Nielsen's bid to win streaming
Nielsen, the decades-old TV and radio measurement company, is pushing to position itself to be the top vendor for streaming TV measurement.
Why it matters: The industry loves to rag on Nielsen for being outdated, but it's still the most authoritative vendor in measuring tune-in for live television, and increasingly streaming TV content.
Driving the news: Netflix released new data Monday that said "The Queen's Gambit," a show about chess, was its most popular limited series ever with 62 million households tuning into the drama.
- But the entertainment giant offered no context for how it measures household viewership, leaving analysts to ponder how reliable the figure really is.
Nielsen releases a weekly list of streaming minutes watched by show and streaming service.
- Its most recent data shows that The Queen's Gambit entered the Top 10 streaming shows in mid-October in terms of minutes per month streamed.
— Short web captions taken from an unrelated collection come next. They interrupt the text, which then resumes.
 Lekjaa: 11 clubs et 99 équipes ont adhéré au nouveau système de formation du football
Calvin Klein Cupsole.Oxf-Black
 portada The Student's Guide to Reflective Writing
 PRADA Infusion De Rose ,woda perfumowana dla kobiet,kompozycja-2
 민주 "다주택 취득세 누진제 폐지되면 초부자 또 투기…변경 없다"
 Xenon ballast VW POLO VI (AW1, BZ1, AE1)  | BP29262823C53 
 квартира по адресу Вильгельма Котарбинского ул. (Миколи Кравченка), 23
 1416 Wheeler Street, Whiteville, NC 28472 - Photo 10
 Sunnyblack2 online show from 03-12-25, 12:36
- While the numbers don't sync up exactly with Netflix's proprietary data, Nielsen's measurement of Netflix content like BirdBox and Murder Mystery has in the past somewhat resembled data Netflix itself has released, suggesting it could be a helpful resource for validating proprietary figures.
Between the lines: Nielsen has also been working to integrate streaming measurement into its live TV ratings. In September it added digital TV views to its live TV measurement figures, so that views on services Sling or YouTube TV could be counted.
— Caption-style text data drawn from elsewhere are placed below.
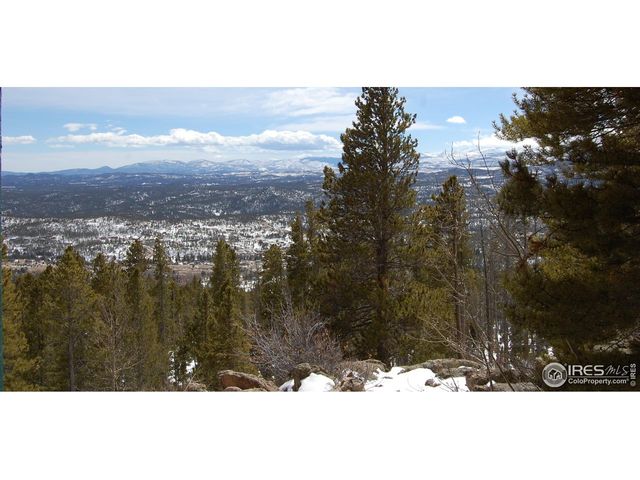 1598 Jicarilla Trl, Red Feather Lakes, CO 80545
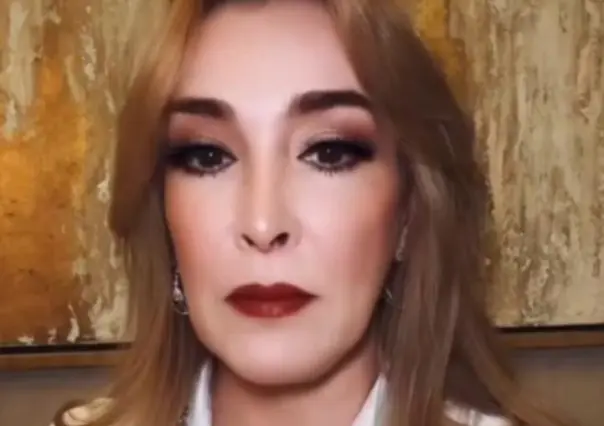 Belinda Treviño habla del fallecimiento de Fabiola Yasmín Ortega  (VIDEO)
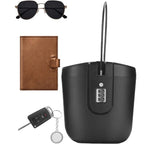 SeaLock – Sef za plažu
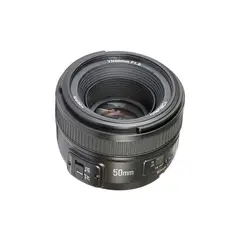 YONGNUO - Lente 50mm f18 para nikon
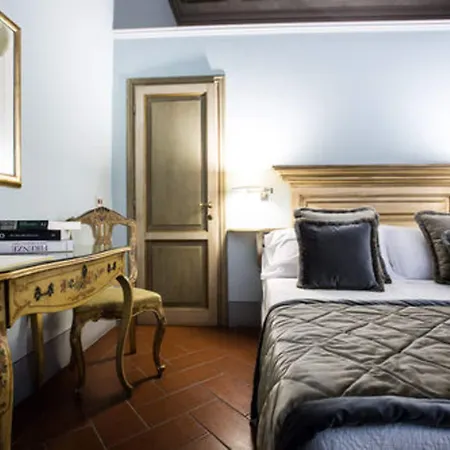 Burchianti 3* Φλωρεντία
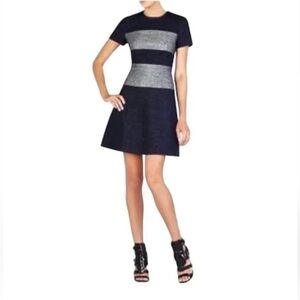 BCBGmaxazria Romee style dress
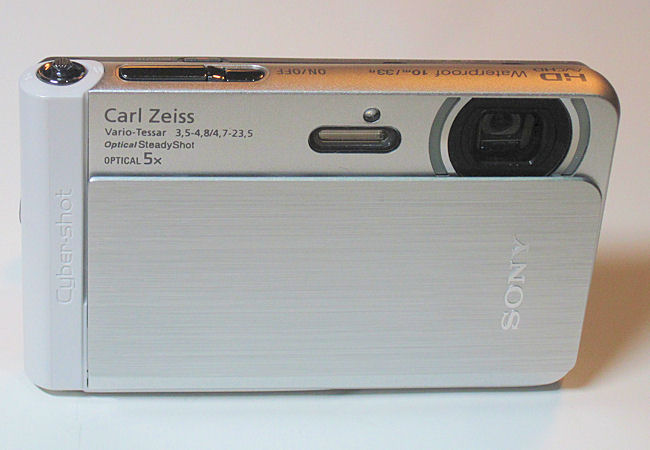 ソニー Cyber-shot DSC-TX30 ソニー Cyber-shot DSC-TX30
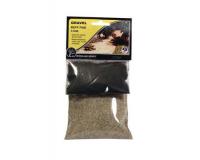 Bachmann Woodland Scenics C1288 / WC1288 Fine Buff Gravel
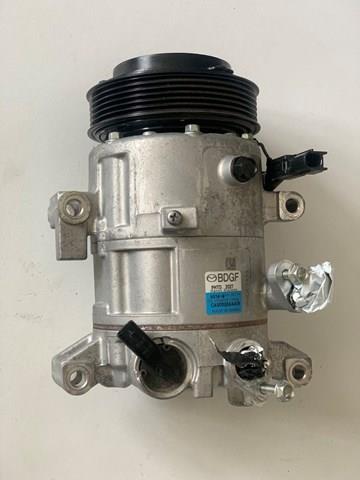 Compresor de ac Mazda BDGF61450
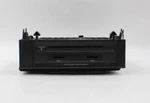 Audio Equipment Radio 2017 Volkswagen Touareg Oem #17136 Used. Price: $300.00.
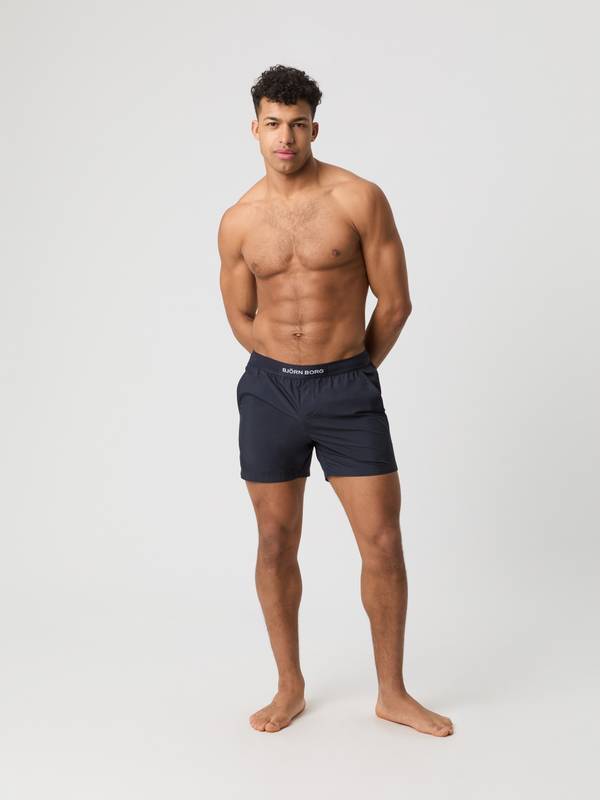 Borg Premium Swim Shorts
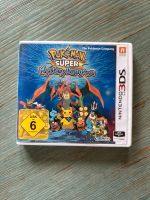 Pokémon Super Mystery Dungeon 3DS Brandenburg - Ahrensfelde Vorschau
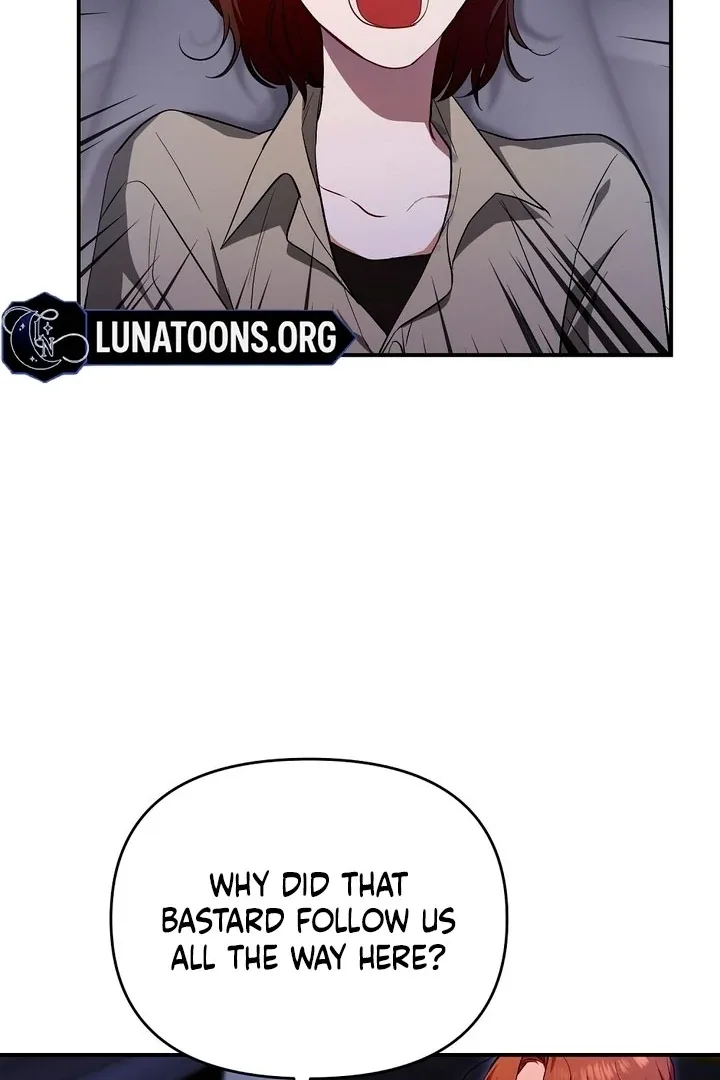 Briefing: The Anchor Of the Soul Chapter 42 page 107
- In an effort that's proved critical in developing trust among the industry for its content ratings, it's also pushed to do better at measuring digital TV ads.
- It recently announced a major deal to add 55 million devices across smart TVs and set-top boxes to boost its measurement capabilities.
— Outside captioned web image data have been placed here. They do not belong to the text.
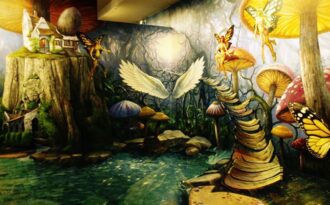 Sài Gòn cuối tuần: Tham quan viện bảo tàng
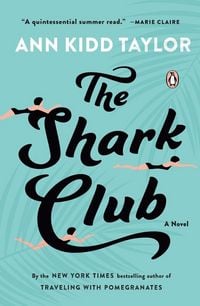 Produktbild: The Shark Club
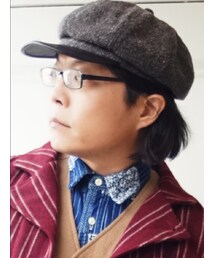 TROPHY CLOTHING | キャップ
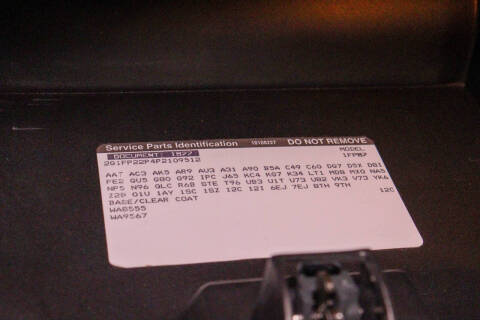 1993 Chevrolet Camaro Z28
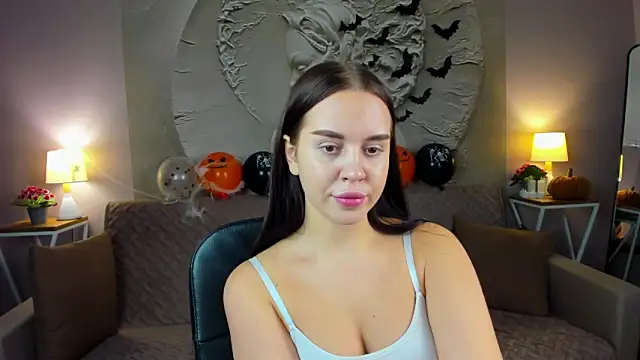 AmeliaRoyale online show from October 27, 2025, 3:10 am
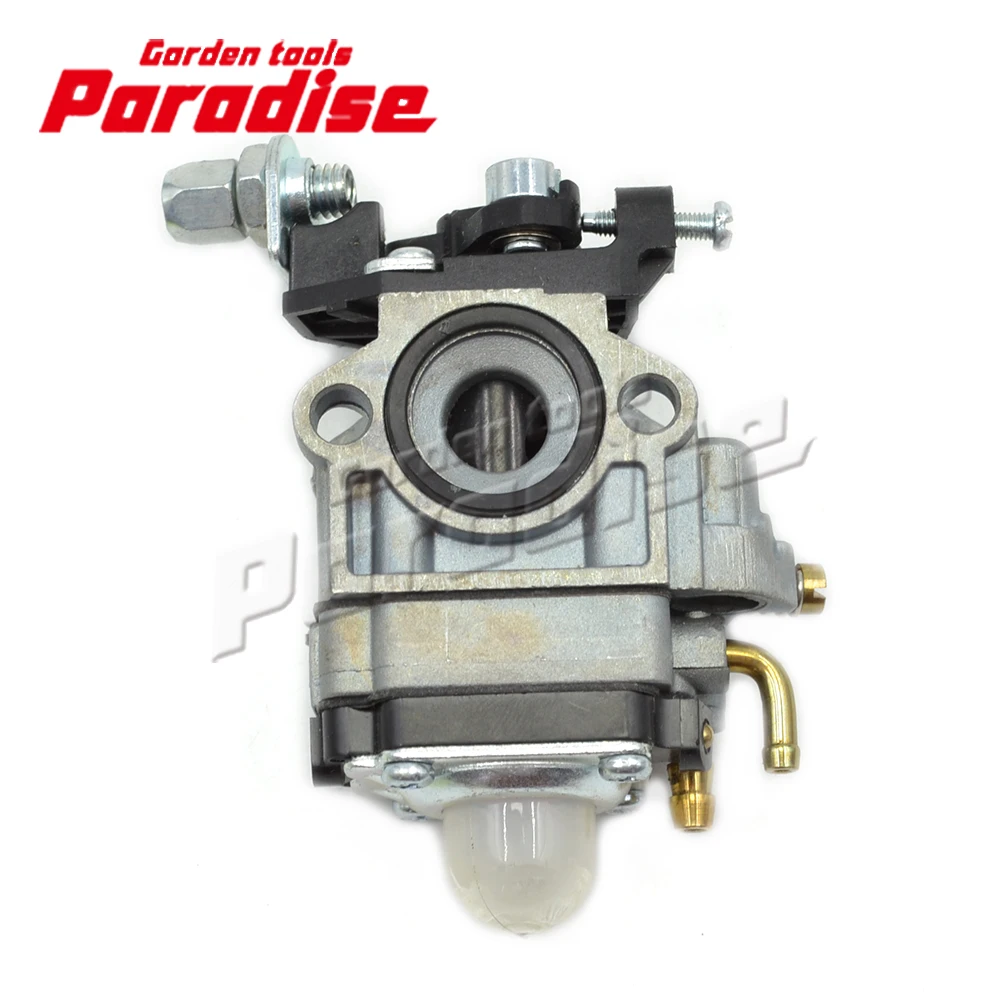 40-5 Engine 43CC MP15 Carburetor For Brush Cutter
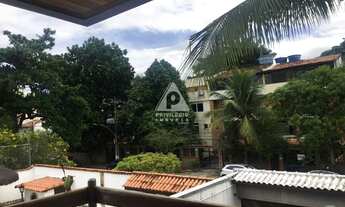 Imagem 5: Casa em Condomínio à venda, 5 quartos, 4 suítes, 4 vagas, BARRA DA TIJUCA - RIO DE JANEIRO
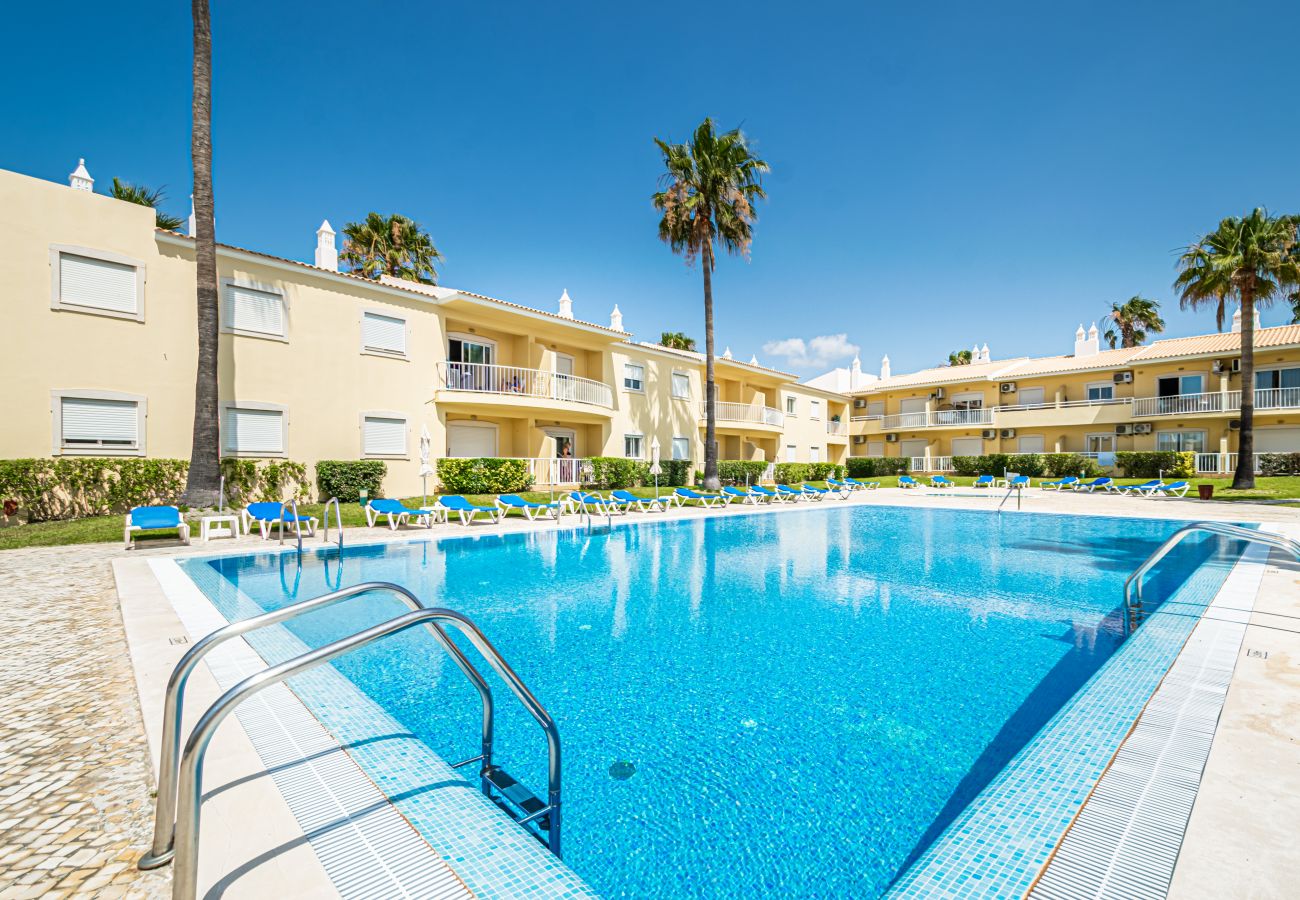 Apartamento en Albufeira - BeGuest Jardins Vale Parra Apartment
The big picture: Because of the different dynamics between streaming and traditional TV, there's room for many measurement providers to exist alongside Nielsen, which focuses mostly on who watched what and for how long.
The bottom line: Subscription steaming companies like Netflix have started to warm up to Nielsen's streaming data now that they are competing against so many other services. But the idea of them actually committing to 3rd-party vendors releasing viewership numbers still feels far off.